Zur Erledigung letztgenannten Ansuchens ist die belangte Behörde zuständig.

Verspäteter Einspruch

Die Einspruchsfrist gegen die am Montag, 23. 11. 2015 durch persönliche Übernahme zugestellte Strafverfügung endete zwei Wochen nach deren Zustellung, also am Montag, 7. 12. 2015. Eine nach Wochen bestimmte Frist endet gemäß § 32 Abs. 2 AVG mit Ablauf des Tages der letzten Woche, der durch seine Bezeichnung oder Zahl dem Tag entspricht, an dem die Frist begonnen hat  (vgl. VwGH 28. 5. 1991, 91/04/0097; oder VwGH 19. 11. 2015, Ra 2015/11/0094; ausführlich Hengstschläger/Leeb, AVG § 32 Rz 12 f).

Die zweiwöchige Einspruchsfrist gemäß § 49 VStG war im Zeitpunkt der Erhebung des am 9. 11. 2015 zur Post gegebenen Einspruchs vom 9. 11. 2015 abgelaufen.

Zurückweisung

Ein nicht rechtzeitig erhobener Einspruch ist bescheidmäßig zurückzuweisen (vgl. Thienel/Zeleny, Verwaltungsverfahrensgesetze19 § 49 Anm 10; Weilguni in Lewisch/Fister/Weilguni, VStG § 49 Rz 3).

Die Beschwerde gegen den Zurückweisungsbescheid ersucht lediglich den Umstand, dass der Bf die zweiwöchige Frist laut Rechtsmittelbelehrung übersehen hat, "falls es möglich ist" zu berücksichtigen.

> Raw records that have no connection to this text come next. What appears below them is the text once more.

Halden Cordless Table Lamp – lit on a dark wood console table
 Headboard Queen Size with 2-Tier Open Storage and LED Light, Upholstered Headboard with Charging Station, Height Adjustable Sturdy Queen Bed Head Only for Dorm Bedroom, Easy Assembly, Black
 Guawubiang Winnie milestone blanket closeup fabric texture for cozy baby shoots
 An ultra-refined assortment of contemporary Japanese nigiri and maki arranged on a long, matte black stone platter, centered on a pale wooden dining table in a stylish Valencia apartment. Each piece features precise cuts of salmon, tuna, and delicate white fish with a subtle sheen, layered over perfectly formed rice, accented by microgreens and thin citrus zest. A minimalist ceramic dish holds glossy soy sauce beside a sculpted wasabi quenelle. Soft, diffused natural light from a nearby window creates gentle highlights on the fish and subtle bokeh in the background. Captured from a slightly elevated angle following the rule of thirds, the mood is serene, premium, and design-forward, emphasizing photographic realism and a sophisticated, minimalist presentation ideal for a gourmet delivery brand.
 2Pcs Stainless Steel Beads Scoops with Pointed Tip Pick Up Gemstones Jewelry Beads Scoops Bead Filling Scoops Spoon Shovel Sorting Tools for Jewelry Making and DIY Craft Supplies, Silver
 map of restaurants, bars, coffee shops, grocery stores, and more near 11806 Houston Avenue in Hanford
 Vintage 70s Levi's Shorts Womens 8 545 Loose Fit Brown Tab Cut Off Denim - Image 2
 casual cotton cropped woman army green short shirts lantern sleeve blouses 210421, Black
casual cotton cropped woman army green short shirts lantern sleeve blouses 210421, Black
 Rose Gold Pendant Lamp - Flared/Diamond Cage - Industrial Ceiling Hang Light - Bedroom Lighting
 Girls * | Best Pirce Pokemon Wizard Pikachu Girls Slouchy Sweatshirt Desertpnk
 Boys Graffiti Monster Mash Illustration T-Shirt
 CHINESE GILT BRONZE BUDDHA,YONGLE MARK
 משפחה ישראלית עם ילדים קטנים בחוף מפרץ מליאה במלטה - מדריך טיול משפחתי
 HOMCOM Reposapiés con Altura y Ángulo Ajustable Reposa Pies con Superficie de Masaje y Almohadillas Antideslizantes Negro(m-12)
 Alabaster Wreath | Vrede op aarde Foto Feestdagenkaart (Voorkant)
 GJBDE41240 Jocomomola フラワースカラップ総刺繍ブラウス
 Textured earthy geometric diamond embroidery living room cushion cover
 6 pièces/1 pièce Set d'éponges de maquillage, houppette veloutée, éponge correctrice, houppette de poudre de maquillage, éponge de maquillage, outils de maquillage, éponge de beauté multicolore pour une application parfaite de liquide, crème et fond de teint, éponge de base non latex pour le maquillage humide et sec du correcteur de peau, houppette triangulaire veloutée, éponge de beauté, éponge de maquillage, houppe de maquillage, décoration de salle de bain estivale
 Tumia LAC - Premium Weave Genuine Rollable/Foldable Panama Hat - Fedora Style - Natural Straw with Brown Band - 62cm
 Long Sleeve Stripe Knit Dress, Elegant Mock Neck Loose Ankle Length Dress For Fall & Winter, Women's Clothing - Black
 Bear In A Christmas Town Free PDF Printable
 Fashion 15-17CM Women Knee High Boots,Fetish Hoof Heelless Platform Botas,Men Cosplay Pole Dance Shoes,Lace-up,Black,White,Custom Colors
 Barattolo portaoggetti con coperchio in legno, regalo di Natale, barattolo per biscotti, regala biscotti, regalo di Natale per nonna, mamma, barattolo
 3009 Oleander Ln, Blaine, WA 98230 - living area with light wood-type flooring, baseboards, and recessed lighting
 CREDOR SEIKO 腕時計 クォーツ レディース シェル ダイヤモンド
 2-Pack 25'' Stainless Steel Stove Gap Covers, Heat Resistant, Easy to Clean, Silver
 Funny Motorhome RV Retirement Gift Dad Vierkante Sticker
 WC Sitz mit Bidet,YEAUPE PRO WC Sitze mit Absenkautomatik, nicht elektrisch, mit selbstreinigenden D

Im Beschwerdeverfahren ist eine derartige Berücksichtigung nicht möglich. Wie die belangte Behörde zutreffend ausgeführt hat, ist eine Verlängerung der gesetzlichen Einspruchsfrist von zwei Wochen weder im Vorhinein und schon gar nicht im Nachhinein zulässig.

Der Einspruch wurde daher zu Recht als verspätet zurückgewiesen.

Abweisung der Beschwerde

Die Beschwerde zeigt keine Rechtswidrigkeit (Art. 132 Abs. 1 Z 1 B-VG) des angefochtenen Bescheides auf, sie ist daher gemäß § 50 VwGVG i. V. m. § 24 Abs. 1 BFGG und § 5 WAOR als unbegründet abzuweisen.

Unzulässigkeit der Revision

Gegen diese Entscheidung ist gemäß Art. 133 Abs. 4 B-VG eine Revision durch die belangte Behörde nach Art. 133 Abs. 6 Z 2 B-VG nicht zulässig, da das Erkenntnis nicht von der Lösung einer Rechtsfrage abhängt, der grundsätzliche Bedeutung zukommt, insbesondere weil das Erkenntnis nicht von der Rechtsprechung des Verwaltungsgerichtshofes abweicht, eine solche Rechtsprechung fehlt oder die zu lösende Rechtsfrage in der bisherigen Rechtsprechung des Verwaltungsgerichtshofes nicht einheitlich beantwortet wird. Die Entscheidung folgt vielmehr der darstellten ständigen Rechtsprechung des Verwaltungsgerichtshofes.

Eine Revision durch die beschwerdeführende Partei wegen Verletzung in Rechten nach Art. 133 Abs. 6 Z 1 B-VG ist gemäß § 25a Abs. 4 VwGG kraft Gesetzes nicht zulässig.